Saved data entries:

____________

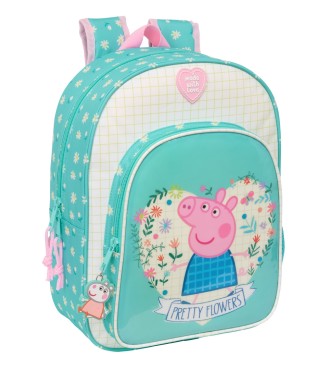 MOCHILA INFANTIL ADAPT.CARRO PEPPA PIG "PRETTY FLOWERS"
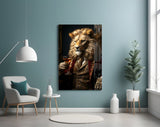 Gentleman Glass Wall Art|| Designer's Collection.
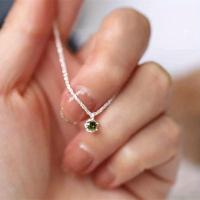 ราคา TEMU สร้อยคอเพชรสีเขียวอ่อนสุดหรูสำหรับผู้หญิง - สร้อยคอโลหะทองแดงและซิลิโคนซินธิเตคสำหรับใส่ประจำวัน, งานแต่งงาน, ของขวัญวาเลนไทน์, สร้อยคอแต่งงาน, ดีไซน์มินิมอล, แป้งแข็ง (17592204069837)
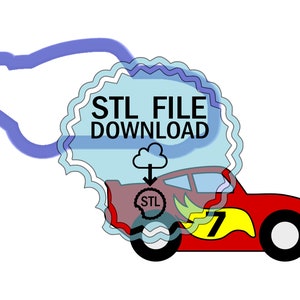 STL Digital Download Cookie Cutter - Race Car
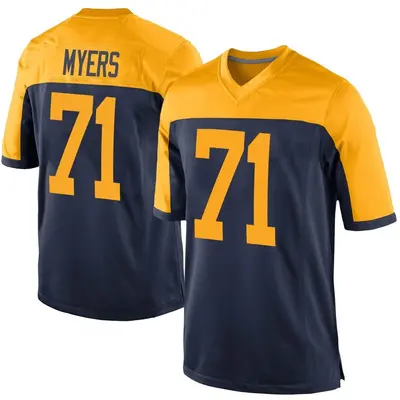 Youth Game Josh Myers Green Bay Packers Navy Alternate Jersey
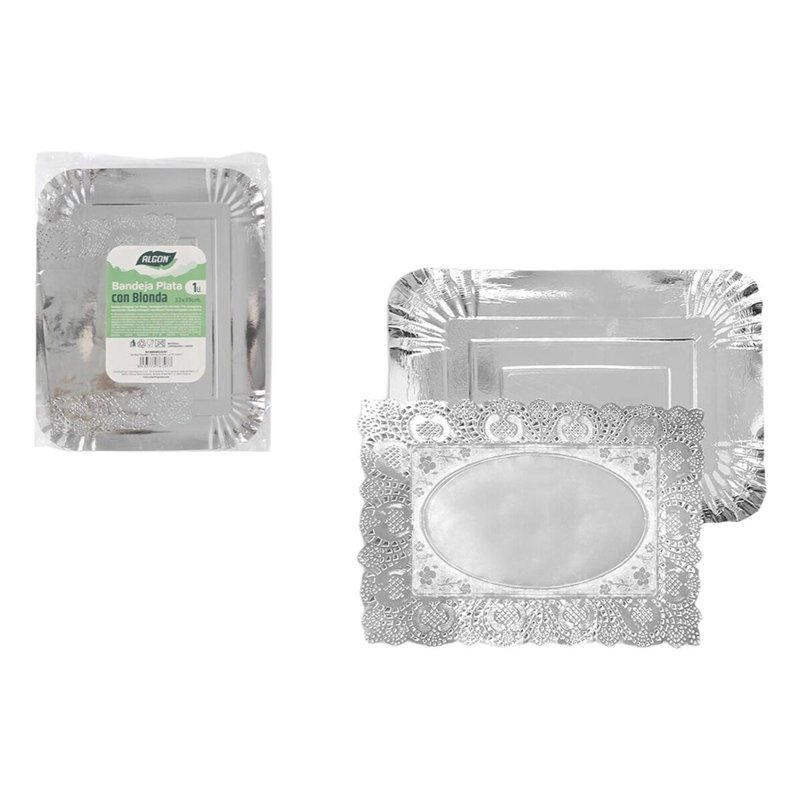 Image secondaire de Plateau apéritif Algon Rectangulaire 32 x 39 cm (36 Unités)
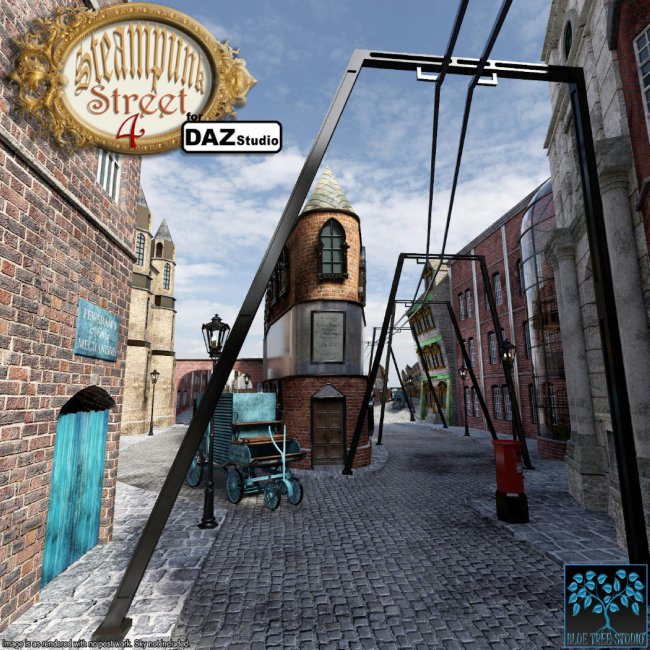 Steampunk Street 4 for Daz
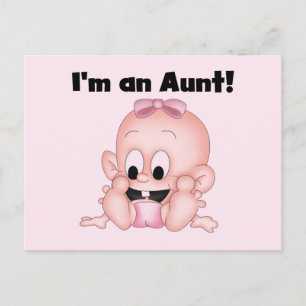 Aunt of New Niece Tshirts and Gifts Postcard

____________

WHAT IS NEEDED:
What is needed is an exact repeat of the lines from the one containing "STL Digital Download" through the last line of the records above, both included, with pictures left out.

REPLY TO THE TASK:
 STL Digital Download Cookie Cutter - Race Car
 Youth Game Josh Myers Green Bay Packers Navy Alternate Jersey
 Image secondaire de Plateau apéritif Algon Rectangulaire 32 x 39 cm (36 Unités)
 Steampunk Street 4 for Daz
 Aunt of New Niece Tshirts and Gifts Postcard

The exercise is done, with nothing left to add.